The pet shelter was full of pit bulls and pit bull offspring on the day we found him. He was yet another one, but so different. As you probably can imagine, because you knew him so well, he was the one dog that was sitting right up at the front of the fenced-in kennel, against the gate, waiting for us to come by. We couldn’t help but stop and look at him because he was, and is, so beautiful, and then we stayed and stayed because he was overflowing with love. He craved our hands, he talked to us with his whole body, he wriggled and made small sounds of joy. We talked him over and thought about him, but eventually went on our way.
As we left the shelter, a strange thing happened. We could hear soft cries, almost words, coming from inside. Dre, who had seen in us something that he knew once before, was talking to us, telling us not to leave him behind. He knew, we say now, that we were to be his family – a family that he could love.
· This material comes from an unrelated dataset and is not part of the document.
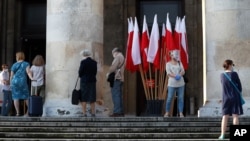 People keeping social distancing wait in line to vote in the presidential election in Warsaw, Poland, June 28, 2020.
This story has a happy ending and that is why I am writing to you. We went back to the shelter that day and we brought Dre home to live with us – to a family of two women, two children and three dogs - because he was so full of love and so beautiful to behold. I have always wondered who it was that gave him up and have always wanted to reach out to the small boy that was his former owner, to let him know that Dre was safe.
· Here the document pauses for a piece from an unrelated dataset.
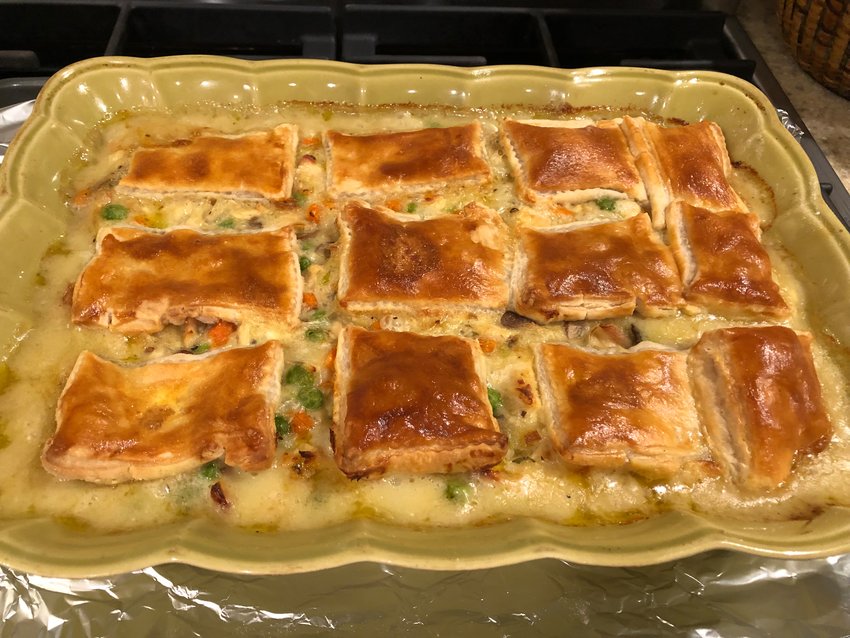 This recipe for Chicken Pot Pie with Leeks and Thyme saves time by using a store-bought puff-pastry topping.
How do I know that you were a small boy then? Because we were given the paper that you filled out when you gave up your four-legged love. On that paper, you were asked to say what your dog loved to do and why you were giving him up. In large black print and in a style that gave away your age, you said that your mother didn’t like him We can tell that is true because he is deathly afraid of brooms. You said that he liked to play and he liked to have his belly rubbed. When asked what you would like to say in closing about your former pal, you printed carefully, “just love him.”
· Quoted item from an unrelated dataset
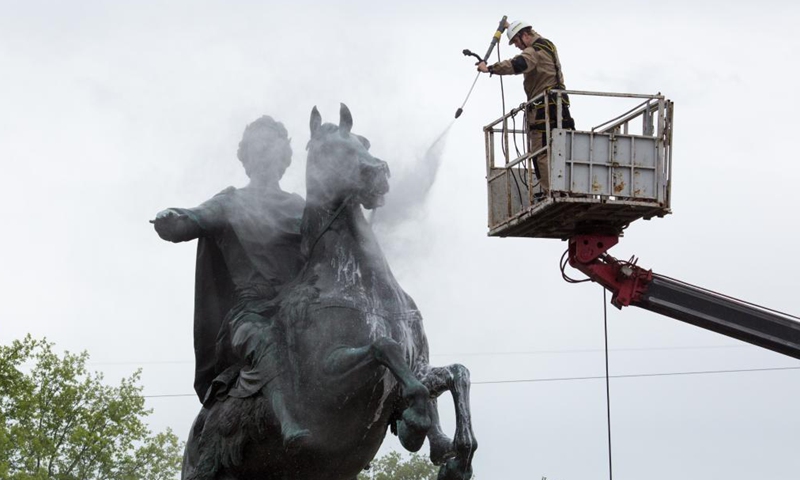 A worker cleans the bronze statue of Peter the Great, the founder of St. Petersburg, in preparation for the celebration of the 318th anniversary of the founding of the city, in St. Petersburg, Russia, on May 26, 2021. (Photo by Irina Motina/Xinhua)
We want you to know that we do. We love Dre and as you know, he loves us back. He sleeps in our young man’s bed at night, he gets his belly scratched, he greets us at the door and wriggles with delight when we come home, he chases squirrels, he scares the neighbor’s cat. He is at home in a pack of dogs, in a sea of love. Thank you for giving him up so that we could “just love him.” We want you to know that you loved him well, that he is very well loved, and that this small package of brindle fur with sad, round eyes, just loves you, too.